● **DIRECTIONS FOR THIS TASK**: Only the stretch below from the line holding "Hello folks, we're" through the line holding "Now, push or" should be restated, word for word and with both ends included; pictures stay out.

Collected data

-- Opening Marker --

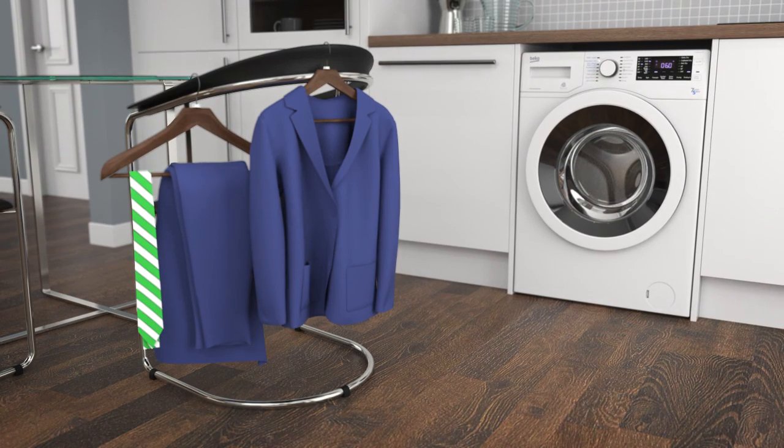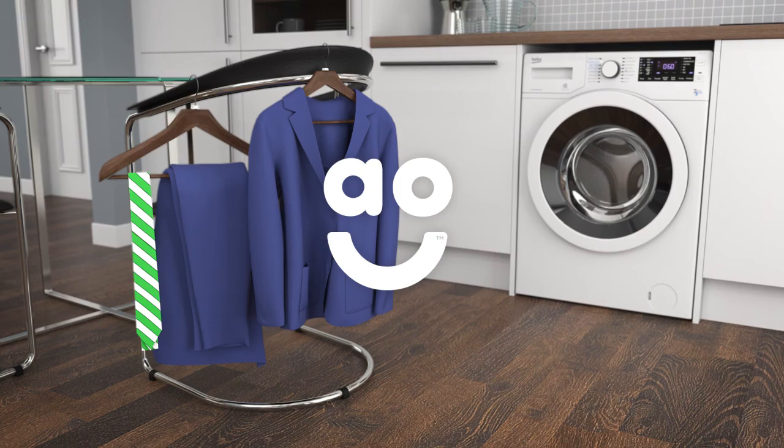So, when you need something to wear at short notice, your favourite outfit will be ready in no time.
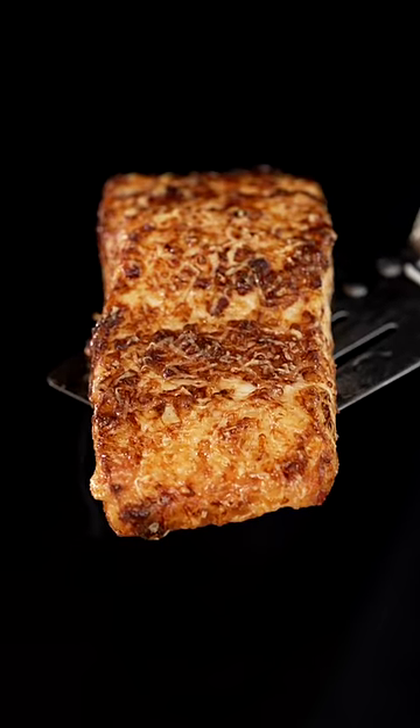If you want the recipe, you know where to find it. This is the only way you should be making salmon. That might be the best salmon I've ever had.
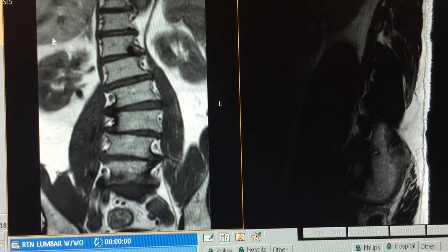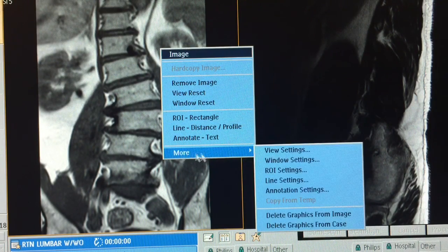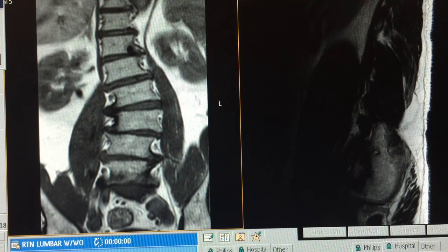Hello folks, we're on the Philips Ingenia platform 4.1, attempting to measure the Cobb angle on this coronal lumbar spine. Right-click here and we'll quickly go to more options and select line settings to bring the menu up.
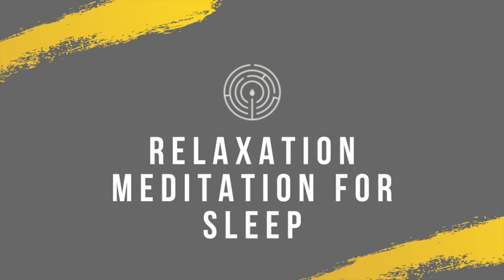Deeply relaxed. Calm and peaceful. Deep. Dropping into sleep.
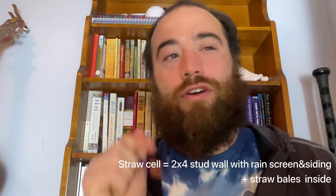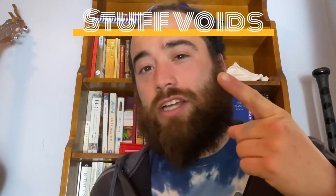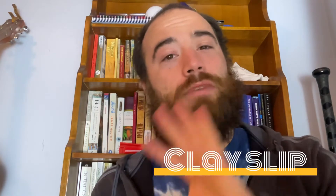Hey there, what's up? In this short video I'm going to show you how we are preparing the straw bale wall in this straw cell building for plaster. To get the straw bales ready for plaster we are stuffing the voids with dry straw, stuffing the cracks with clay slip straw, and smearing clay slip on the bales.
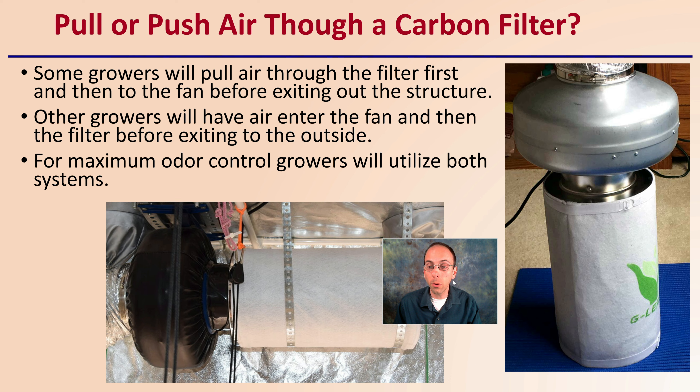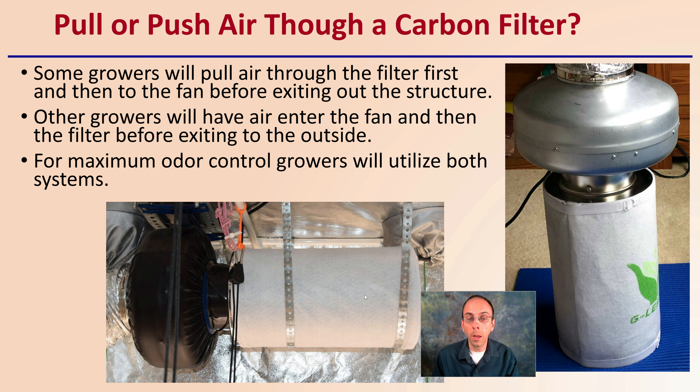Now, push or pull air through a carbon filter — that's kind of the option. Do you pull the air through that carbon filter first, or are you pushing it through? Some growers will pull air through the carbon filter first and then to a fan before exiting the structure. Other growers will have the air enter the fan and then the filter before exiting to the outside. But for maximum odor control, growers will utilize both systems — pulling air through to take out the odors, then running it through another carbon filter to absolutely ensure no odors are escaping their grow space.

-- Closing Marker --
-- Opening Marker --

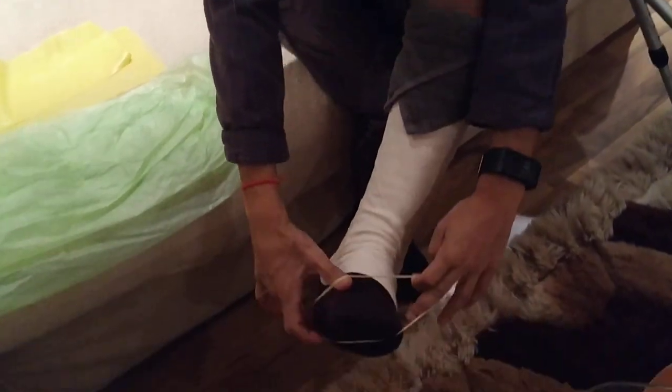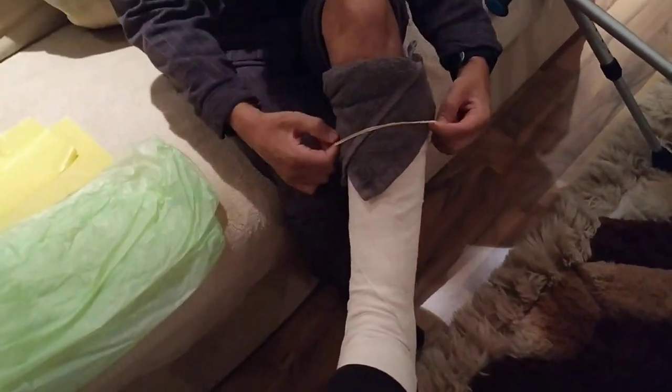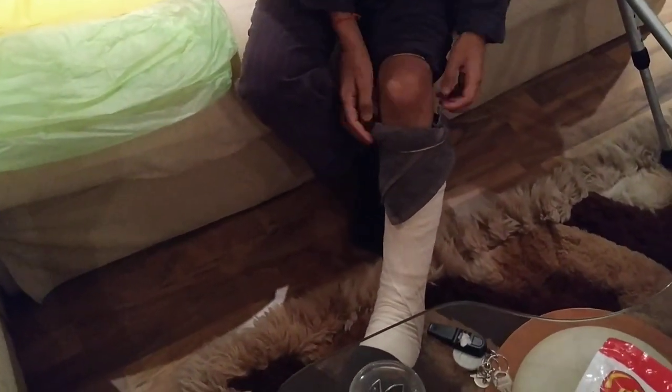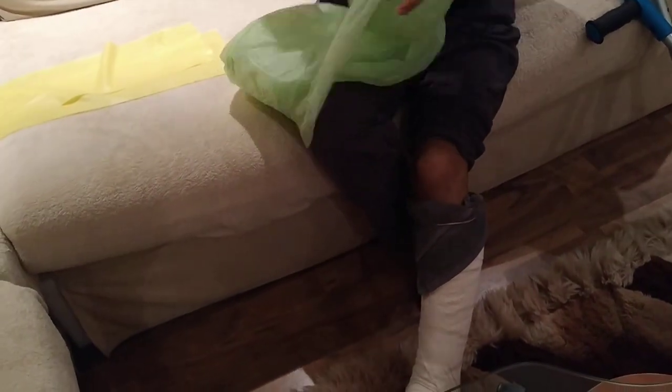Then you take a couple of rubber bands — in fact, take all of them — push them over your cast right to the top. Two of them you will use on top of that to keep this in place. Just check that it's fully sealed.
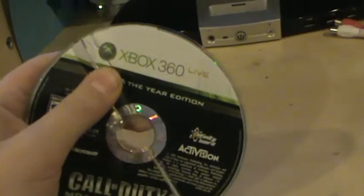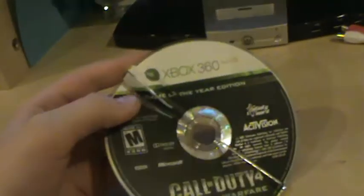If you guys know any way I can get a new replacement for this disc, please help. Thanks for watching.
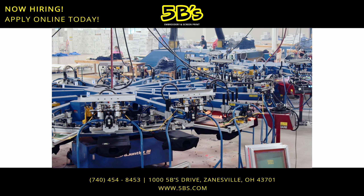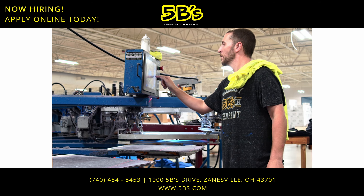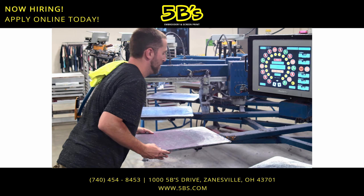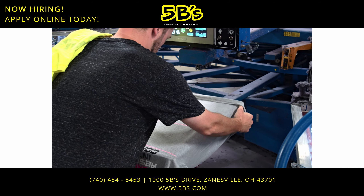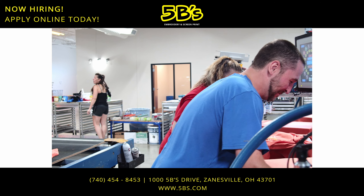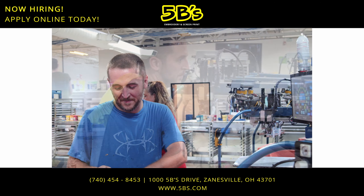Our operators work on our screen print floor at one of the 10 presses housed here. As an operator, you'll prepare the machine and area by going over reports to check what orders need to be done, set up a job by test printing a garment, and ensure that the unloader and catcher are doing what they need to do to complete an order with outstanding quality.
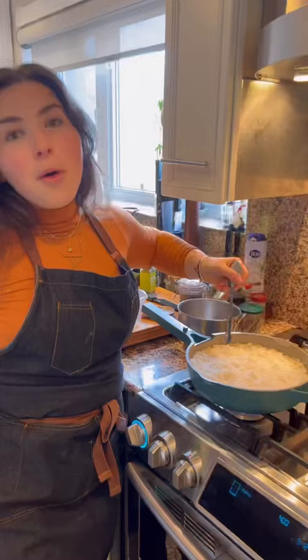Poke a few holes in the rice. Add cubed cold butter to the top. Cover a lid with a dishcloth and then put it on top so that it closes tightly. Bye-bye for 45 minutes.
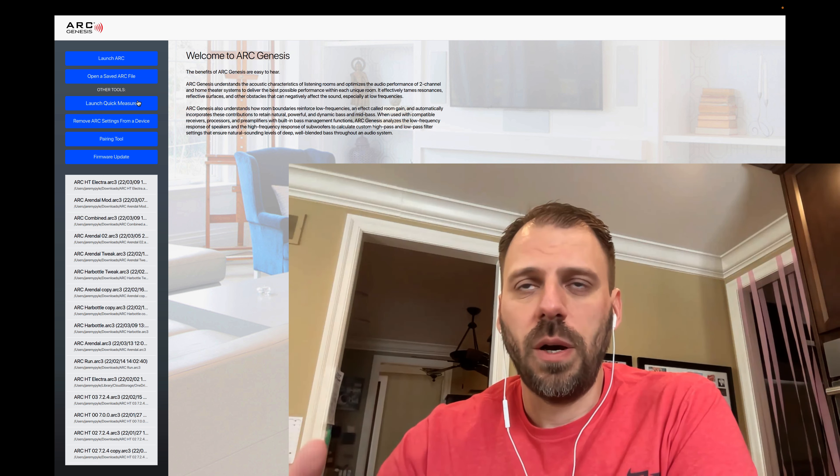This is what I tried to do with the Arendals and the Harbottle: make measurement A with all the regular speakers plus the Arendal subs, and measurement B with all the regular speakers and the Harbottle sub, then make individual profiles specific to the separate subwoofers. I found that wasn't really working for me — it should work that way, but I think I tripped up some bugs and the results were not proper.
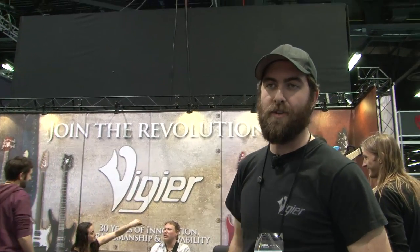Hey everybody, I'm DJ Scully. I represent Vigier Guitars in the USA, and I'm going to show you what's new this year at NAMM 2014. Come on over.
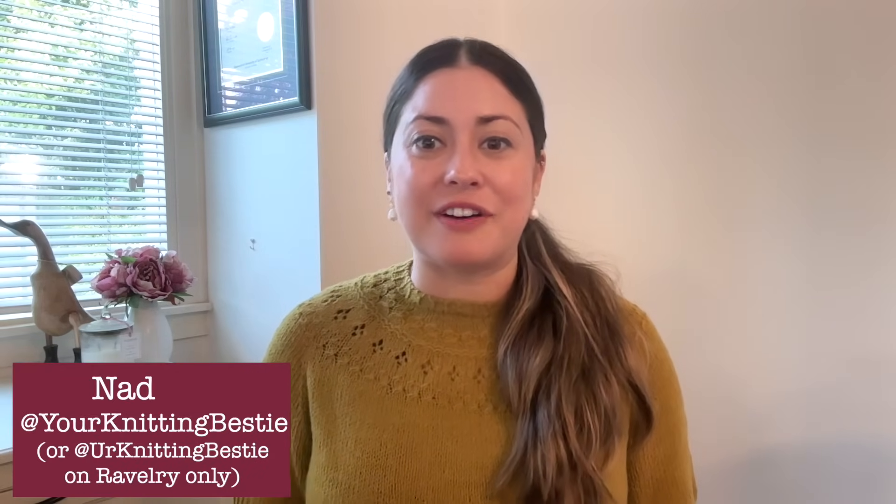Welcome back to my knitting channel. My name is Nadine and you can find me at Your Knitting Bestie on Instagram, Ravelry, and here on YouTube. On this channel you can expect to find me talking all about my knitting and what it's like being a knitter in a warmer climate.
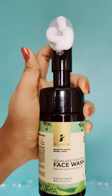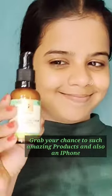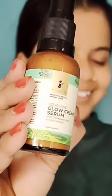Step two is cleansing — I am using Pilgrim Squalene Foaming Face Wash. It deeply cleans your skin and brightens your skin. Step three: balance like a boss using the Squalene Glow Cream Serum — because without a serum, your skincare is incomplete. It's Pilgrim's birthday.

-- Closing Marker --

● **ANSWER SECTION**:
Hello folks, we're on the Philips Ingenia platform 4.1, attempting to measure the Cobb angle on this coronal lumbar spine. Right-click here and we'll quickly go to more options and select line settings to bring the menu up.
Deeply relaxed. Calm and peaceful. Deep. Dropping into sleep.
Hey there, what's up? In this short video I'm going to show you how we are preparing the straw bale wall in this straw cell building for plaster. To get the straw bales ready for plaster we are stuffing the voids with dry straw, stuffing the cracks with clay slip straw, and smearing clay slip on the bales.
Now, push or pull air through a carbon filter — that's kind of the option. Do you pull the air through that carbon filter first, or are you pushing it through? Some growers will pull air through the carbon filter first and then to a fan before exiting the structure. Other growers will have the air enter the fan and then the filter before exiting to the outside. But for maximum odor control, growers will utilize both systems — pulling air through to take out the odors, then running it through another carbon filter to absolutely ensure no odors are escaping their grow space.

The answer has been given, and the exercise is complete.